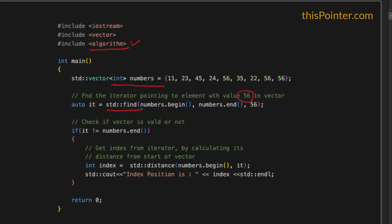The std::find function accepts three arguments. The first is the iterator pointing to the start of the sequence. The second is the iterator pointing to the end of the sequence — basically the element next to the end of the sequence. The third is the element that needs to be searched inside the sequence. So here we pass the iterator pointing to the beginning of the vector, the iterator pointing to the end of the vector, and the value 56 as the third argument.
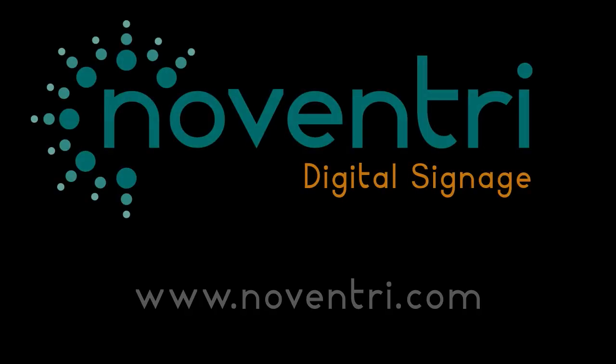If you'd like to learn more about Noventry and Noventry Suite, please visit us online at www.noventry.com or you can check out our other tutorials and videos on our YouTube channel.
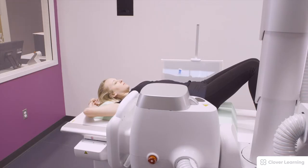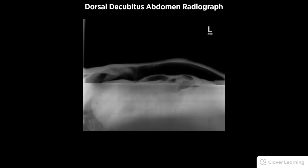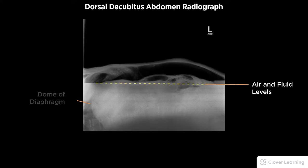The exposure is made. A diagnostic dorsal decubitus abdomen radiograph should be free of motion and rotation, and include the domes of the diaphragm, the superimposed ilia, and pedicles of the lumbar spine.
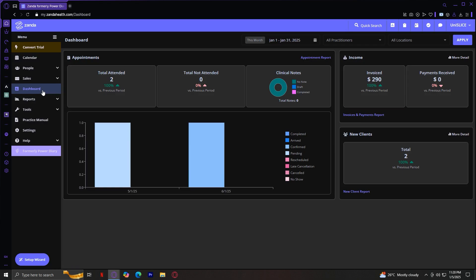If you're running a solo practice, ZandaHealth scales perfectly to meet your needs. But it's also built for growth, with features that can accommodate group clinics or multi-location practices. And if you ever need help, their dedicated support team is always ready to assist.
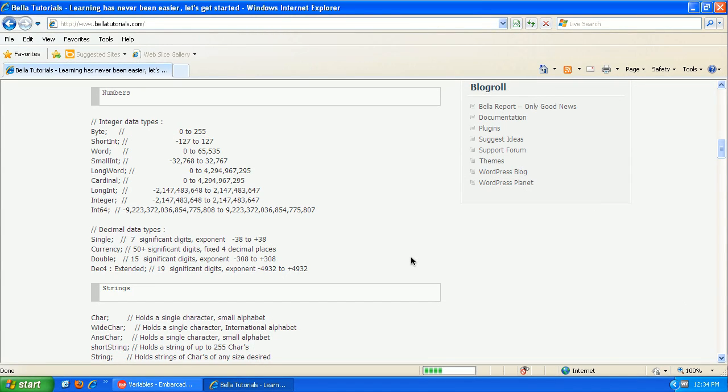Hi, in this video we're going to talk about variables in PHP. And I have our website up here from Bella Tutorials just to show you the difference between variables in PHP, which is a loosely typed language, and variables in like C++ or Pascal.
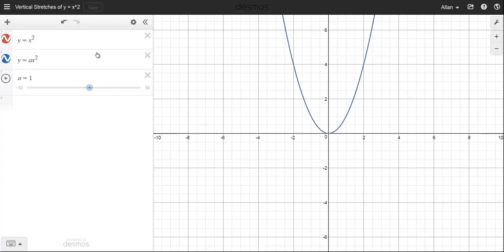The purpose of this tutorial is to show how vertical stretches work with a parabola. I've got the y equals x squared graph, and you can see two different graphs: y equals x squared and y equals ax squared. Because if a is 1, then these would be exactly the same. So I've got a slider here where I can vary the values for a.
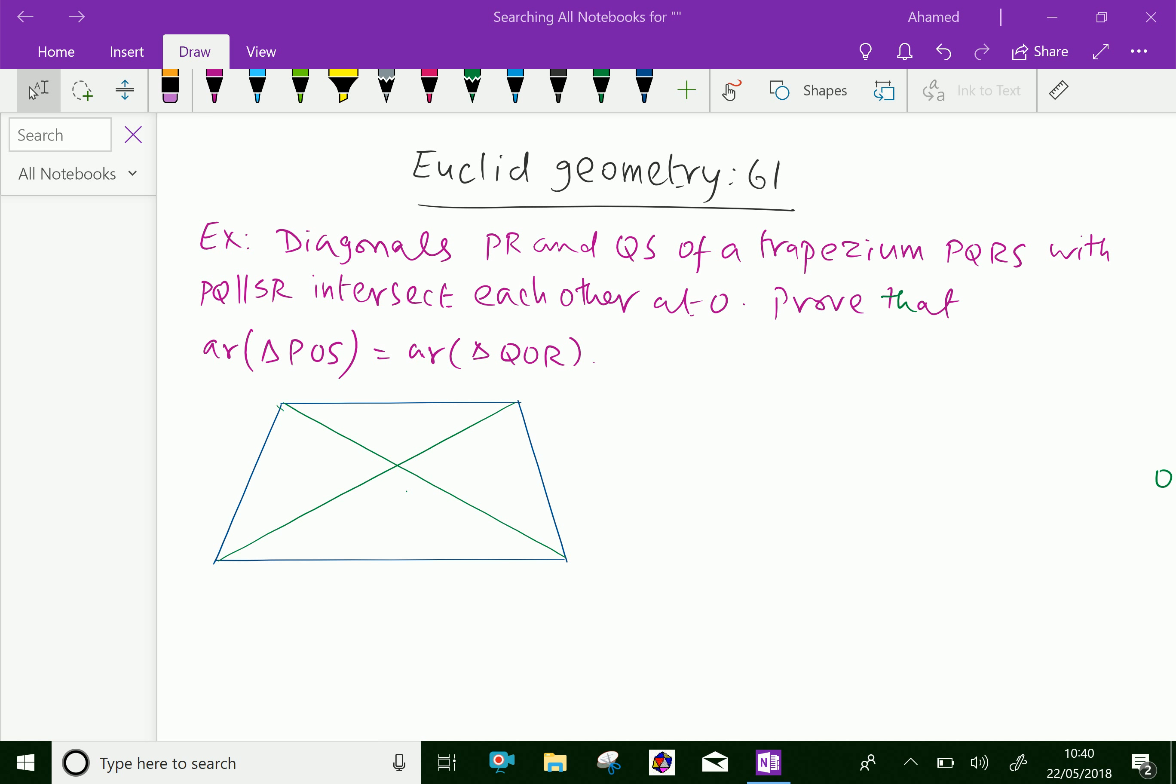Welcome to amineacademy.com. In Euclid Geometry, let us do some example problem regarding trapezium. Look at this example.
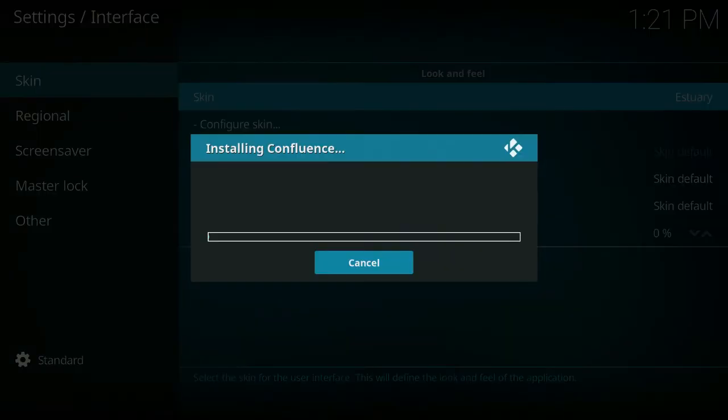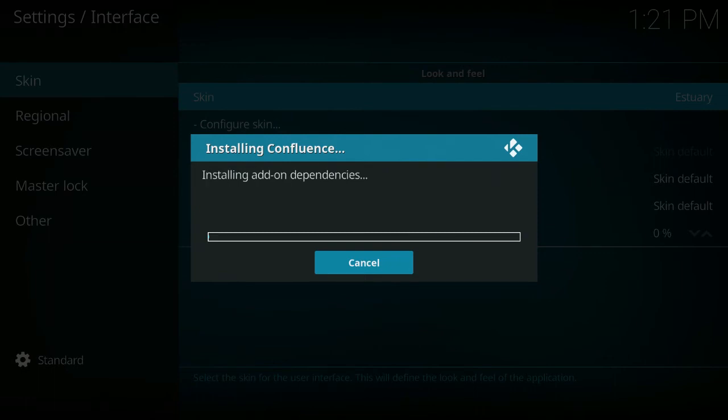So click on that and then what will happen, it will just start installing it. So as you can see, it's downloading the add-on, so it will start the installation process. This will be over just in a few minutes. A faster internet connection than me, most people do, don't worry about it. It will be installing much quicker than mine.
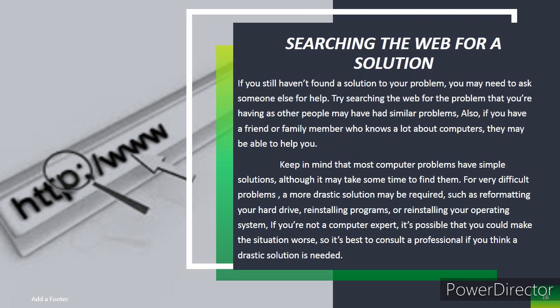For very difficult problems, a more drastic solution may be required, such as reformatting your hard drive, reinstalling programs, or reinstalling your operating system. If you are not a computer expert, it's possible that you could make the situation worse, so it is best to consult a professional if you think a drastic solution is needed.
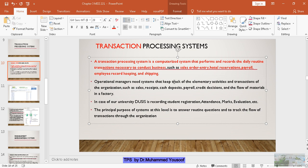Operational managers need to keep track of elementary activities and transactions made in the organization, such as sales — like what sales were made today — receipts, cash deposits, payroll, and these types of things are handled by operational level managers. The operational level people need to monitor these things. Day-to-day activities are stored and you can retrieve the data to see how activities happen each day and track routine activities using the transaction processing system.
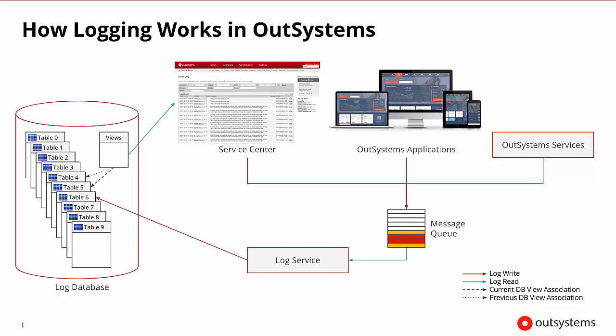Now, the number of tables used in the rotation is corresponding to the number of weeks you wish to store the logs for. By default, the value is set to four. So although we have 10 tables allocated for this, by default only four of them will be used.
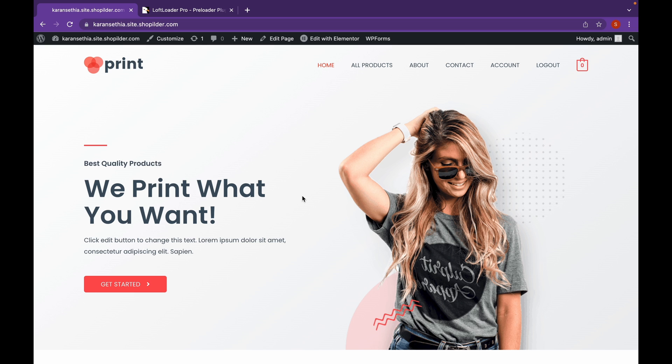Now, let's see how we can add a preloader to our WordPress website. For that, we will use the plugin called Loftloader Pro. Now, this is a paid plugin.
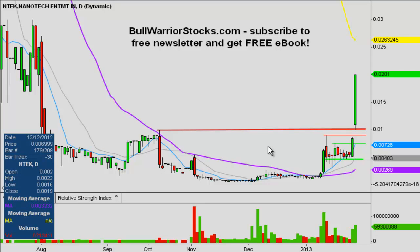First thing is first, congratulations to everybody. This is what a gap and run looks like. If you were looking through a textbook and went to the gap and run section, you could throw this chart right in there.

____

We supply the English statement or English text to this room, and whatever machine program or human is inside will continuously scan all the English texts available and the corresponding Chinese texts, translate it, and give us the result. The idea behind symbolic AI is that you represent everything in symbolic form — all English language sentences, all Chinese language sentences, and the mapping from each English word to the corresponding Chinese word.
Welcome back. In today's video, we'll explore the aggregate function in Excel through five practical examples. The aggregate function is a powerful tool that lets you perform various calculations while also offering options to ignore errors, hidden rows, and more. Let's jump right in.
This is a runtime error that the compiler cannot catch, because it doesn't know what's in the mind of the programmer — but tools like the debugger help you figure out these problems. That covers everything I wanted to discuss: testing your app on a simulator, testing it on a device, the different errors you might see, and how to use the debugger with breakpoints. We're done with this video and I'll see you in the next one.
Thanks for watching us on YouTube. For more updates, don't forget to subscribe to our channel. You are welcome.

____

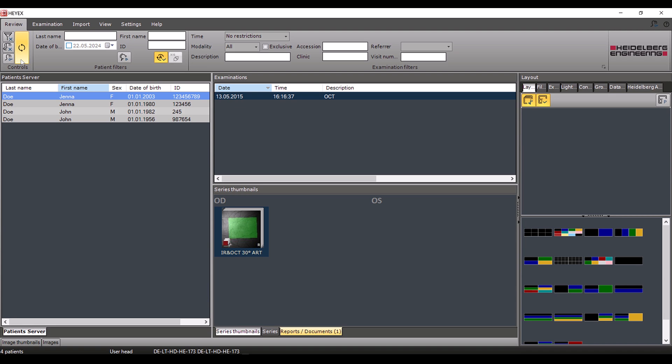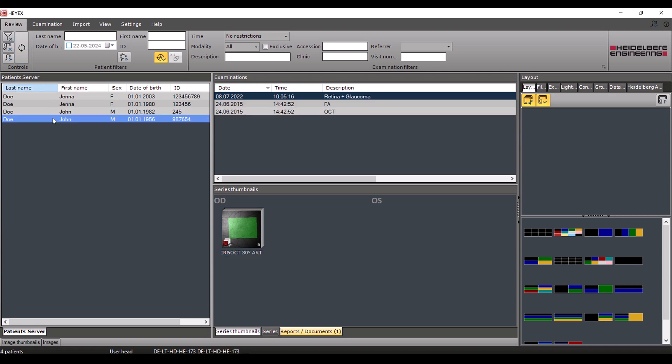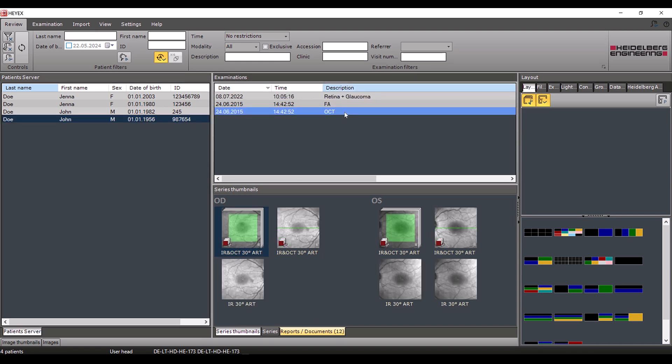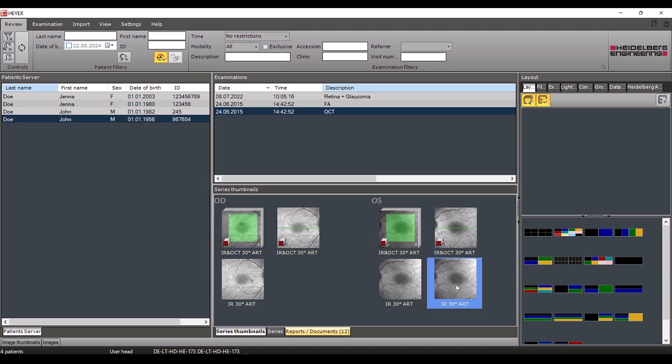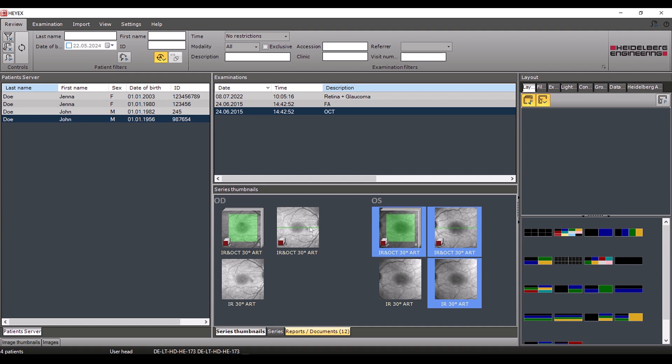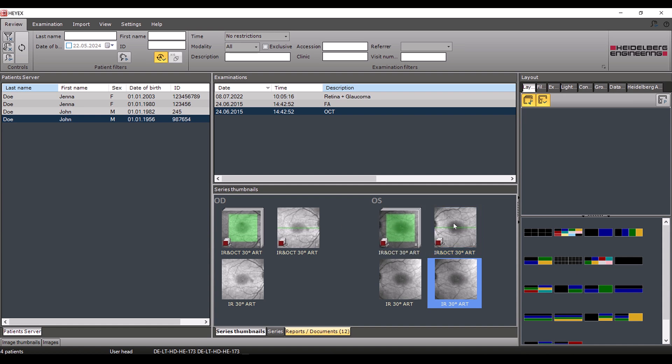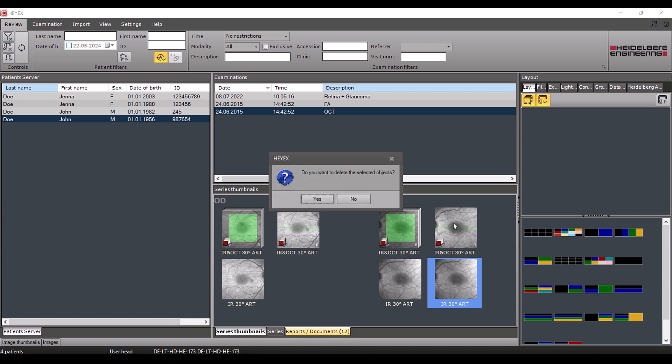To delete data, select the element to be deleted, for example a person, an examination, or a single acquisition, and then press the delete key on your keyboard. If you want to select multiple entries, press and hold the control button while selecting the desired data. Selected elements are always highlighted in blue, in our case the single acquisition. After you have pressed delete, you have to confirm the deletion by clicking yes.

____

§ **DIRECTIONS FOR THIS TASK**
Working from the records above, write out verbatim only the lines from the line containing "This is a runtime" through the line containing "Thanks for watching".

§ **FINISHED TASK**
This is a runtime error that the compiler cannot catch, because it doesn't know what's in the mind of the programmer — but tools like the debugger help you figure out these problems. That covers everything I wanted to discuss: testing your app on a simulator, testing it on a device, the different errors you might see, and how to use the debugger with breakpoints. We're done with this video and I'll see you in the next one.
Thanks for watching us on YouTube. For more updates, don't forget to subscribe to our channel. You are welcome.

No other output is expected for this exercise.